When I was a child, I remember sitting on our couch with my mom whenever I was sick as she read to me out of a book about a girl who had wanted to go see the ducks at the park but could not because she had caught the chicken pox.  Since she had been looking forward to the trip, her mother made the park in her room to cheer the little girl up.  My mother read that book to me every time I was sick until I could read it for myself.  That’s my earliest memory of me reading: that little tiny book about the sick little girl who couldn’t go to the park.  I still have that little battered book somewhere, tucked in a box with all of the other books I can never bear to part with because they shaped my life so much.

I have always loved words.  From those first moments that my mother read to me to today, I have loved reading and writing just about anything.  I read shampoo bottles, my grandmother’s Happiness magazine that she got from the drugstore, cereal boxes, instructional manuals, newspapers, the fleeting fine print in Viagra commercials…you name it, I’ve probably tried to read it.

As I grew older and needed more difficult books than those that children often read, I was gifted beyond my wildest dreams.  My family knew I had an addiction to words and they complied willingly with books by Mercer Mayer, Marc Brown, Judy Blume, the American Girl series, almost anything.  On holidays, I almost always got books.  

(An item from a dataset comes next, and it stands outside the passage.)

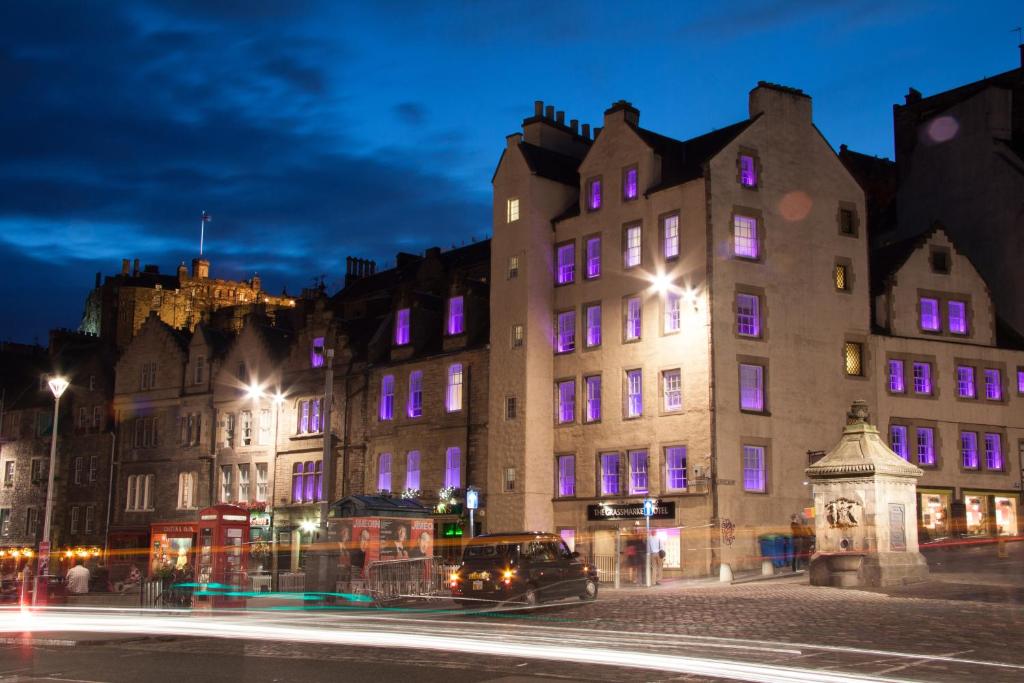 un edificio con luci viola sul lato di Grassmarket Hotel a Edimburgo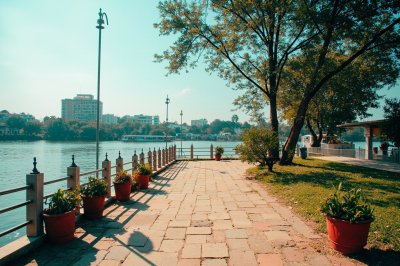 AI-generated travel thumbnail for Injambakkam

Once I entered school, I flourished with reading.  Writing took me a while to get the gist of, but eventually I fell in love  with writing too.  I was always in the library, much to the consternation of both my teachers and librarians.  I read more books than anyone else in my elementary school, always topping the other students with Accelerated Reader points because we had to take a test on them whenever we read a book.  And I read a lot of books.  

I was reading above my grade level too.  In third grade, I was on a sixth grade reading level.  By fifth, I was reading books most children don’t read until high school.  In fourth grade, I picked up War and Peace and Gulliver’s Travels.  There was no contest; Swift tickled my fancy far more than Tolstoy.

And then I met Harry Potter, the skinny little boy with messy hair and glasses that changed me as a reader forever.

I was in fifth grade.  My teacher told us that if we all read the first book, she would take us to see the movie.  I had never had any real interest in Harry Potter, but I couldn’t refuse a reading challenge.  And, okay, the movie looked pretty good.  I fell in love.  

For a bushy-haired book addict and know-it-all, those books were heaven.  I was Hermione Granger, complete with annoying attitude and over-large front teeth.  But more than the fact that the characters were so relatable was that it felt so real, more real than any book I had read before, even Swift, who I loved.

That Christmas, I got them all.  I had them read before the end of Christmas break.  

After that, I read all of the books when they came out, attending book parties at the local bookstore, and reading them the morning after, no matter how tired I was from being out so late.  They were, and remain to this day, my favorite set of books.  J.K. Rowling’s novels changed how I read.  I wanted more worlds like Harry’s.  

And so I passed through middle school and onto high school.

I read every South Carolina Young Adult Book Award Nominee each and every year, the only student at my school to ever do so.  My favorite ones were the fantasy ones since that is my favorite genre.  Like elementary school, I was hardly seen out of the library.  I ate lunch in there and worked in there during my free periods, shelving books.  My librarian gave me an entire bag of advanced reader copies she had received because she knew that I would cherish them.  And I did.   I discovered Discworld, Forks, Washington, alien planets, magic in Victorian London…I found thousands of worlds and I loved them all.  Except 1984.  And poetry.  I loved required reading and did so willingly.

These experiences shaped my love for books and for reading.  They have made me the avid reader that I am today, even if I barely have time to read anything outside of my coursework.

To begin the process of transitioning my script from print to audio, I cut out a lot of the unnecessary commentary that I had put in there at first.  The parenthetical expressions that I had really only worked with print and needed to be deleted.  I had to do the recording more than once because I kept tripping over words or coughing.


It was really difficult for me to transition from print to an audio file because I had to monitor how fast I spoke and make sure that I was not pausing too long or not pausing too little.  


I preferred the audio version because I could use different inflections with my voice, but the print version was definitely less complicated to put together.


This was a great exercise for me in trying a new form of media because I haven’t really done an audio recording before.